For the core problem that non-profit journalism will never be able to solve properly is deciding what is worthy. In a business, the customers ultimately decide what is worthy, for better and for worse.
Weber goes on to give examples of the many ways in which the nonprofit model can break down when applied to newspapers.
Does the non-profit newspaper cover sports? Why? How about movies? Surely the market is filling the need for sports and movie coverage. But if not movies, why theatre, or dance, or opera? How about personal finance? Do we need endowed newspapers to give us trendy advice about our personal spending and saving habits, when huge racks of books and countless magazines and Web sites all offer the same trendy advice? As Michael Hirschhorn ably noted in his Atlantic story about the future of the New York Times, the whole lifestyle end of the mainstream newspaper package throws an odd cog into the question of the public good.
While Weber's post makes a good point here about the need to address the market of reader demand, it ignores the fact that journalists working in newsrooms of for-profit newspapers rarely are confronted with these kinds of decisions - and when they are, they tend to freak out about publisher influence on newsroom decisions.
This argument also sets up a straw man with regard to extending the newspaper model to the Web.

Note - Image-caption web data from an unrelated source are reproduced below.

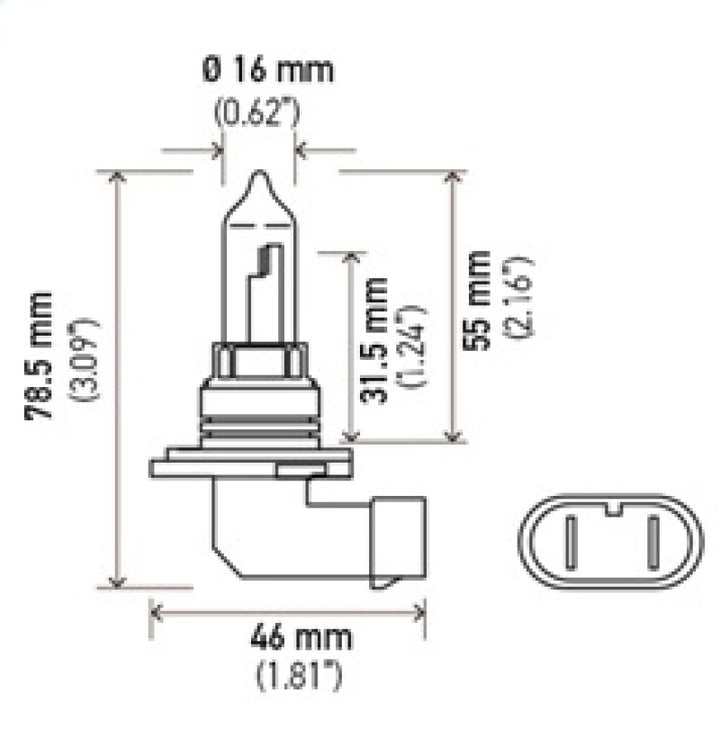 Hella HB3 9005 12V 100W Xenon White XB Bulb (Pair) - Bull Strap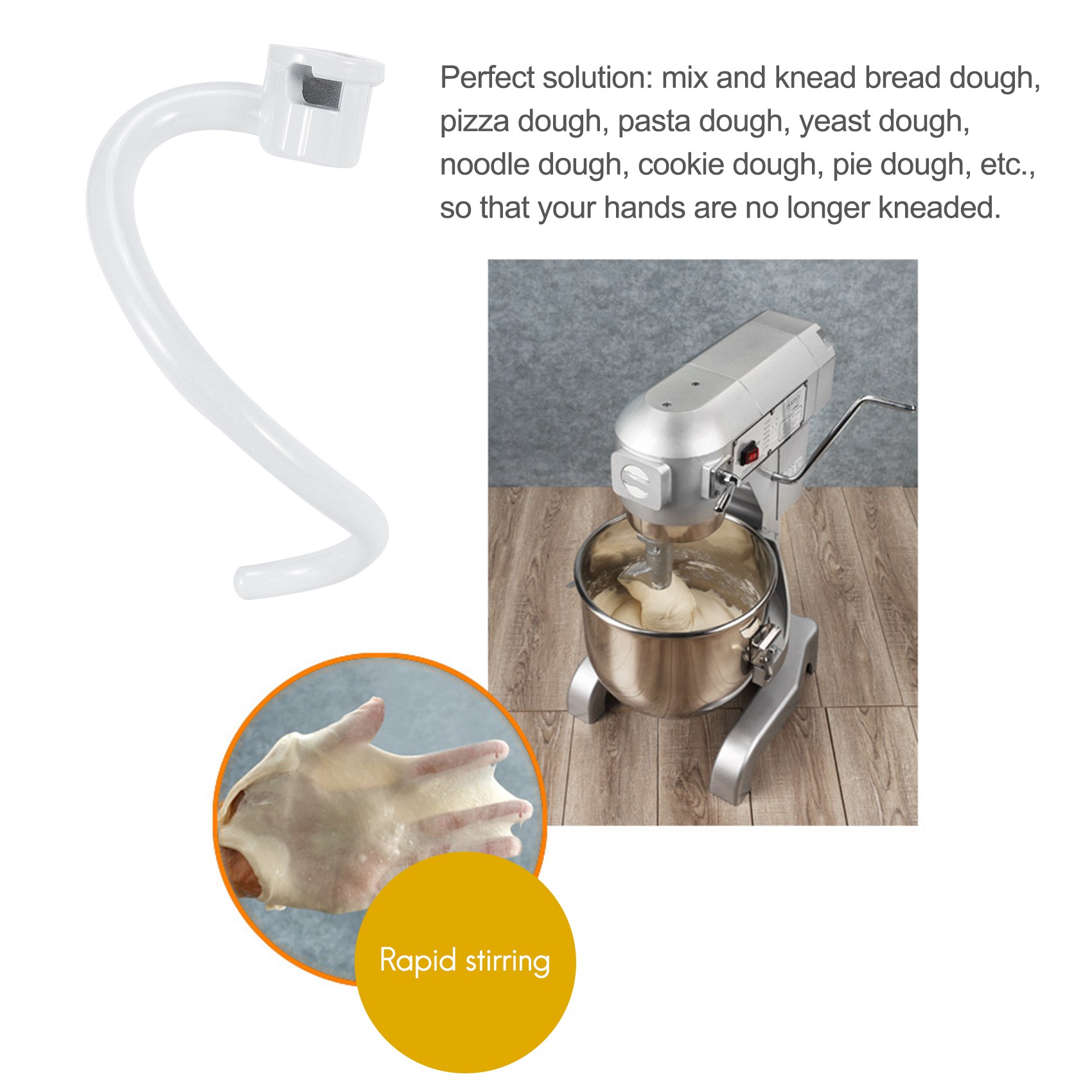 AEE6-Spiral Dough Hook Replace - Kitchen Aid Baking Mixer 评论和价格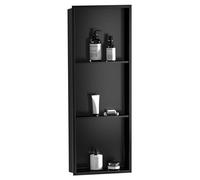 Mensola da parete impermeabile in acciaio inox, non richiede piastrelle, 70 cm x 28 cm x 12,5 cm, per bagno e alcova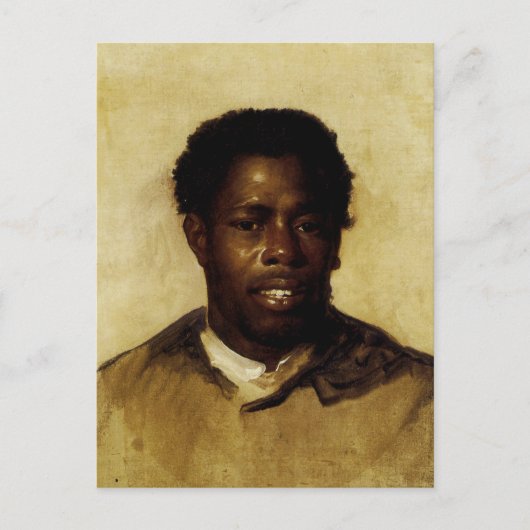 Afrikaans-Amerikaans portret Briefkaart (Voorkant)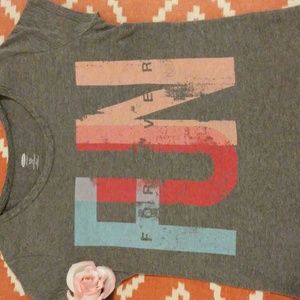 Fun forever/ Forever Fun old Navy shirt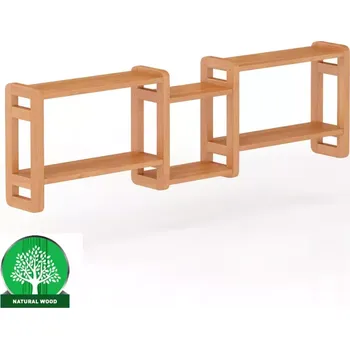 Obývací stěna Polička borovice PK103-150x44x19 olše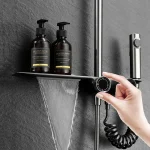 Système de Pommeau de Douche à Haute Pression pour Salle de Bain Complète, Accessoire de Luxe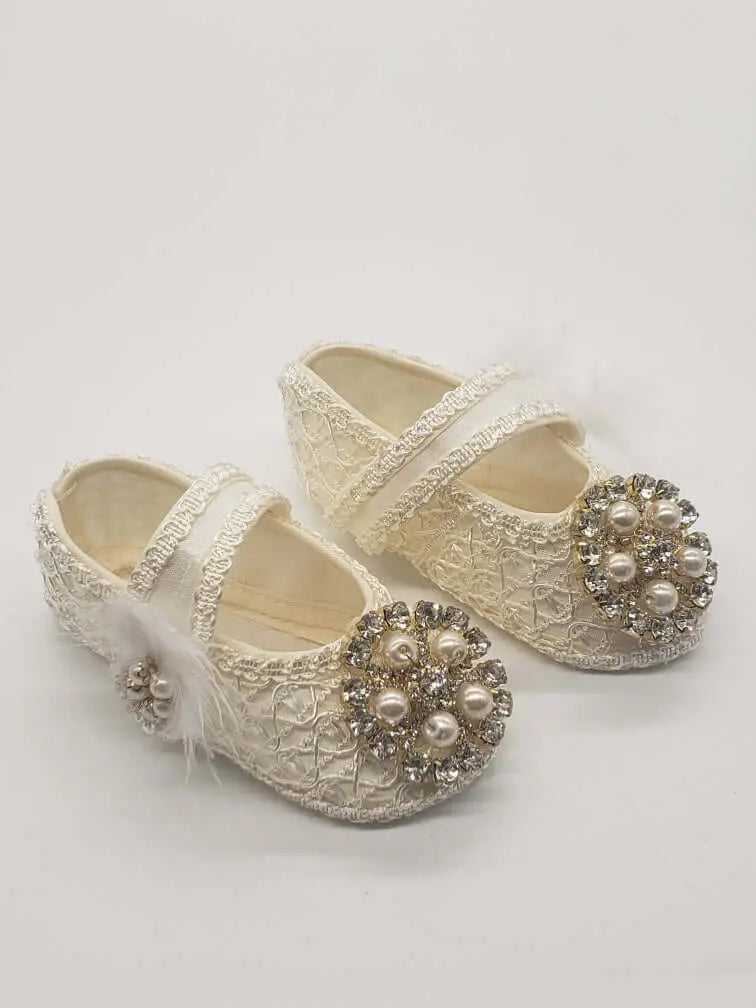 045 - Baptism Shoes - Beige Cadiz Boutique, Inc.
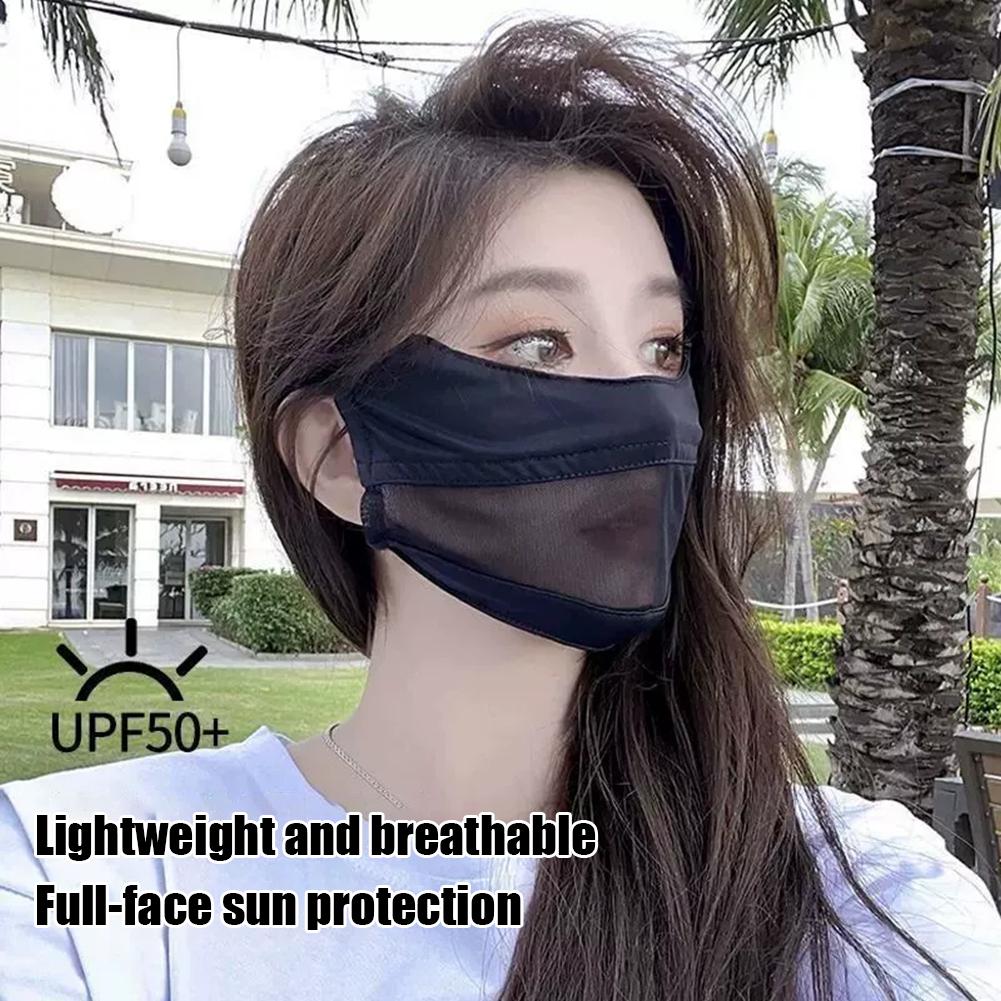 Cloth Face Mask Washable - UV-Schutz-Gesichtsmaske, waschbar, für den Sommer, atmungsaktiv,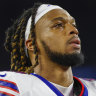 ‘Love you, boys’: Damar Hamlin breathes on his own, rejoins the Bills via video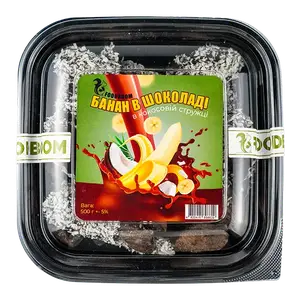 Банан з кокосовою стружкою в шоколаді, 500г купити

Not a lot people see nonprofits - especially those operating solely on the Web - replacing every aspect of a newspaper. Rather, nonprofits may be best suited to replace the explanatory, enterprise and investigative journalism that can't be fully underwritten by online advertising.
For that kind of work, "the for-profit model may be broken forever," says Matt James, senior vice president of the Kaiser Family Foundation and a founder of Kaiser Health News.